Food stores top sector

Among specific significantly sized sectors, the single best finisher this past week was the food stores sector, whose bonds had a 1.03% gain - the sole key sector to return above 1% on the week.

It was the third consecutive week among the top gainers for the sector, and the fourth week out of the last five. It was also the second time in three weeks the food stores group had led all of them - a sharp turnaround for the volatile and streaky sector, which before the past three weeks had also been among the worst performers in six out of the previous seven weeks.

Food stores was followed by amusement (up 0.84%), lodging (up 0.82%), petroleum refining (up 0.52%), wholesale durable goods distributors (up 0.46%) and oil and gas exploration and drilling (up 0.44%).

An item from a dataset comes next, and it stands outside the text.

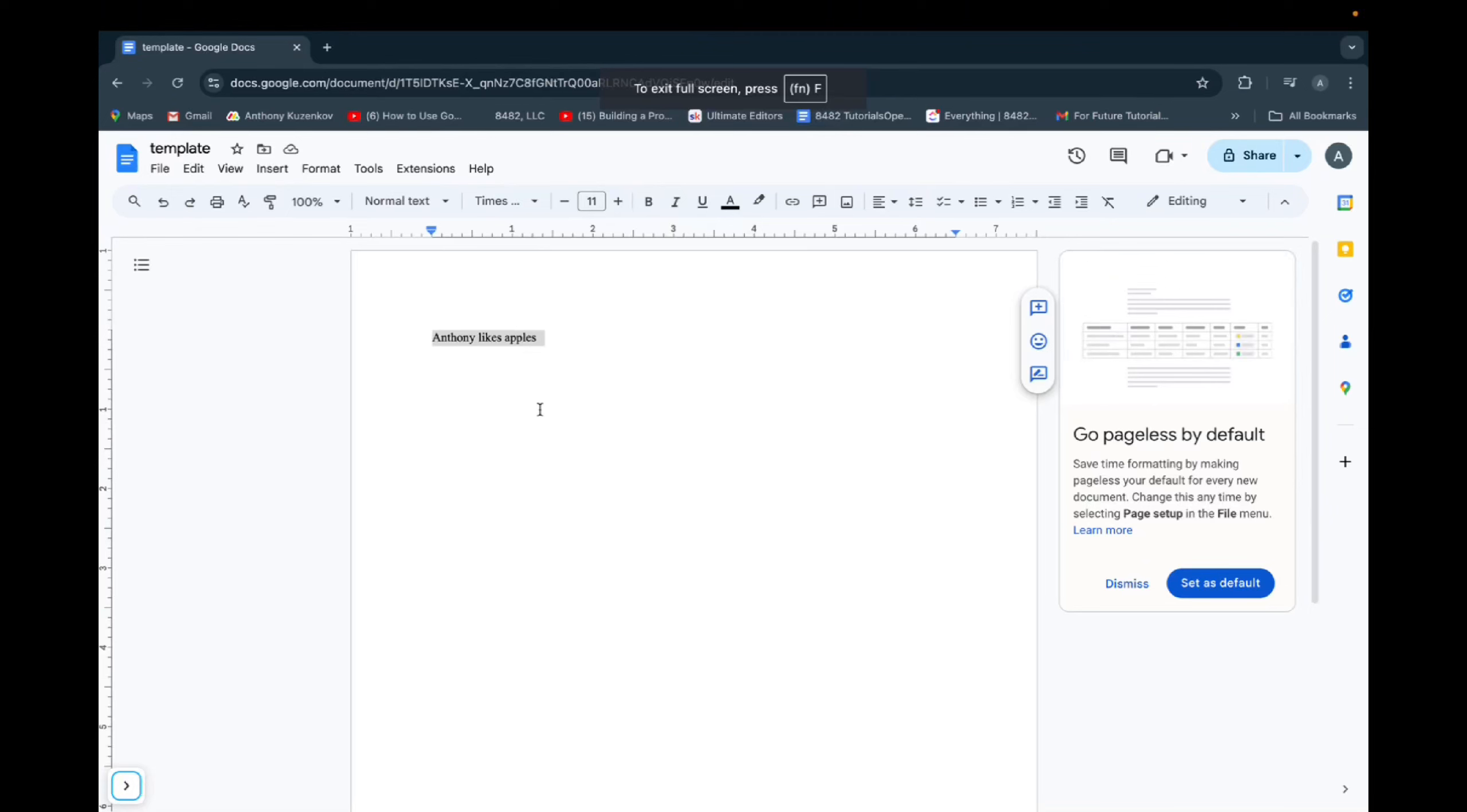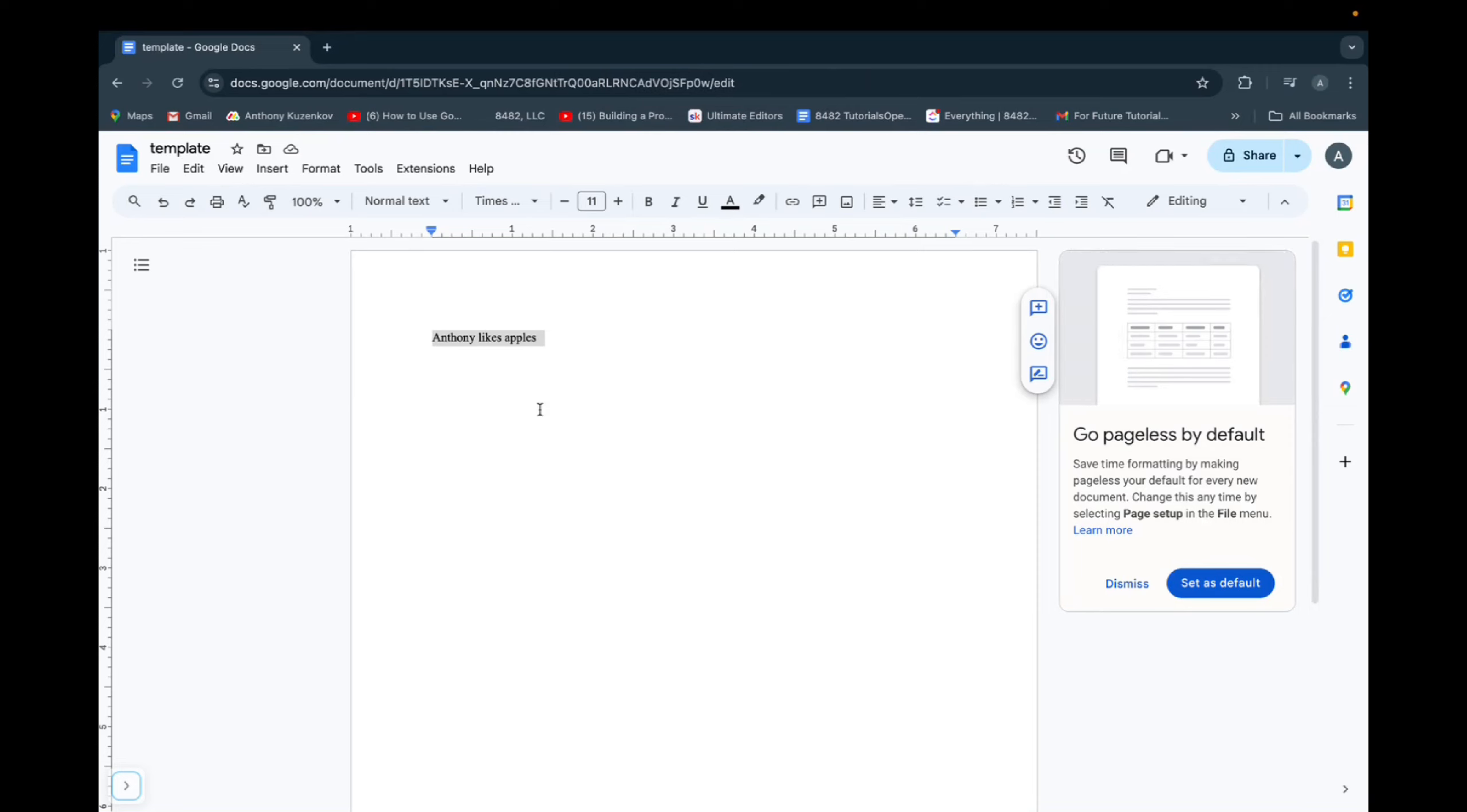Welcome back to 8482 Media. Today, I'm going to quickly show you guys how to change the font size in Google Docs.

Amusement and lodging have now been among the top finishers for two straight weeks; in fact, amusement was the best-performing major sector the week before with a 0.68% gain.

On the downside, as noted, metals mining was the only major sector actually in the red on the week, its bonds easing by 0.07%. Groups finishing on the positive side, but just barely so, included electronics manufacturing and food processing companies, each up only 0.04% on the week, financial brokers and exchanges (up 0.09%), building construction (up 0.10%) and coal mining (up 0.11%). The latter sector was also among the most feeble finishers in the previous week, when it was up just 0.07%.

Amusement takes lead on year

On a year-to-date basis five weeks into 2011, bonds of most of the major-sized sectors have been strong, with 28 out of the 30 showing cumulative returns of at least one full percentage point or more, up from 27 the previous week, with 22 of those above 2%, versus 15 the week before; the 22 included four sectors above 3% on a year-to-date basis, versus just one a week earlier, and one sector now above 4% on a year-to-date basis.

That would be amusement, on the strength of its posting one of the better showings for a second straight week, boosting its cumulative return to 4.14%.

Petroleum refining continued to hold onto second place with a 3.32% year-to-date gain, followed by wholesale durable goods distributors (up 3.15%) business services (up 3.10%) and investment and holding offices (up 3.07%).

On the downside, real estate remained the worst year-to-date performer among the majors, up just 0.18%. The only other sector failing to break the 1% return mark was metals mining - the week's single worst performer among the key sectors and the only actual loser, as noted - up 0.61% on the year. Electric and gas services edged barely above the 1% cumulative return mark, at up 1.08%.

Key indicator up again

Looking at the overall domestic high-yield market, junk bonds, as measured by the Merrill Lynch High Yield Master II Index, continued to rise for an 11th consecutive week going back to early December. It gained 0.303% in the week ended Friday, on top of the 0.464% advance seen the previous week. Gains were seen in four sessions out of five this week, with a small setback recorded on Thursday.

With six weeks in the books so far this year, that left the index with a total return of 2.878% as of Friday, up from 2.567% the week before, although the index ended the week slightly below its 2011 peak level of 2.909%, set this past Wednesday.

The average price of a high-yield issue covered by the Master II finished at 103.786 at Friday's close, with a yield to worst of 6.914% and a spread to worst of 487 basis points over comparable Treasuries. That compares with a price of 103.627, a yield of 6.974% and a spread of 496 bps at the end of the previous week - the first time this year the latter two figures had edged below 7% and 500 bps, respectively.